Brodie finally set me from him.
“And I presume there’s no talking ye out of going to St. Pancras,” he presumed correctly.
“Not at all,” I finally managed to say. “We will be there and back in short order. Perhaps even before your return from meeting with the Home Secretary.”
He read the note again.
“You might want to dress more formally for your meeting with the Home Secretary,” I suggested.
We had both met Henry Matthews, the present Home Secretary, in a previous inquiry.
He was quite formal in his manner, yet not the sort to look down on those who were not of the peerage, and had highly valued our participation in a particular case at the time. He had left the position of Home Secretary the year before, then was called back to his present term by Mr. Gladstone.
“Aye,” Brodie replied as he retreated to the adjacent room.
When he eventually emerged, he had been transformed into the very striking image of a gentleman, albeit with tie in hand.
“I can never tie the bloody thing,” he grumbled, and would have tossed it aside.
I retrieved it. I felt that dark gaze on me as I very efficiently tied it for him. When I had completed the task and would have stepped back, his hand covered mine and he stopped me.
“Be careful.”
“Of course. After all, who else would tie your tie when you are summoned to the Home Office?” I replied.
“Perhaps a woman on the street corner,” he suggested.
“Who would tolerate that Scots temper?”
The answer was in the half smile at one corner of his mouth. “Aye.”
“You would do well to remember that, sir.”
He held onto my hand a moment longer.
“Whatever ye learn, ye’re to return here and not set off on yer own.”
“Of course, dear.”
“We should leave no later than eleven o’clock because of the weather,” I told Lily after he had gone.
“It’s only a few miles, but that will give us plenty of time with traffic and depending on the road condition.”
She grinned at me. “Of course.”
St.
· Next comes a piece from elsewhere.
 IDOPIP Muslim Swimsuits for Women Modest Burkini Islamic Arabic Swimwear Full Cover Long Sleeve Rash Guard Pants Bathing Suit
Pancras Old Church was not far as the crow flies, according to that old saying. Less than three miles.
However, the way was often crowded with traffic, routes that changed due to the extension of the rail line, and then there was the weather.
Mr. Cavendish was able to secure the service of Mr. Jarvis once more. He was knowledgeable of most areas of London, and I was confident he would see us safely there.
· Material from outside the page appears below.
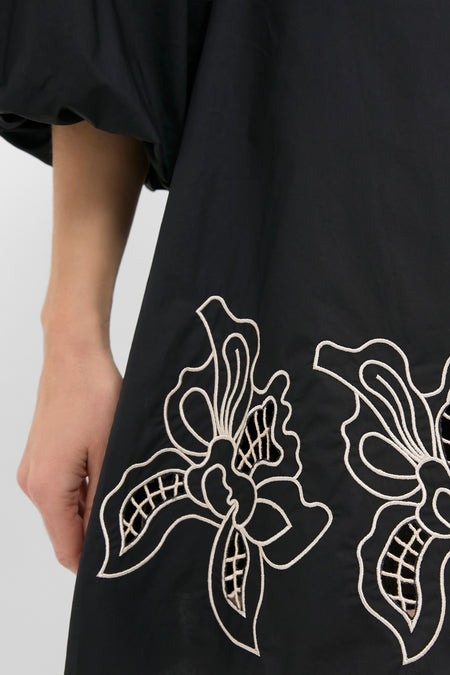 Black & Tan Embroidery Ellison Mini Dress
Lily and I climbed aboard. Rupert the hound immediately followed and grinned up at us as he sat on the floor of the coach between us.
“Mr. Brodie might have mentioned that the hound should accompany you,” Mr. Cavendish commented as he closed the door of the coach.
And pigs fly, I thought.
“It must be comforting to have someone who cares so about you,” Lily commented as we set off.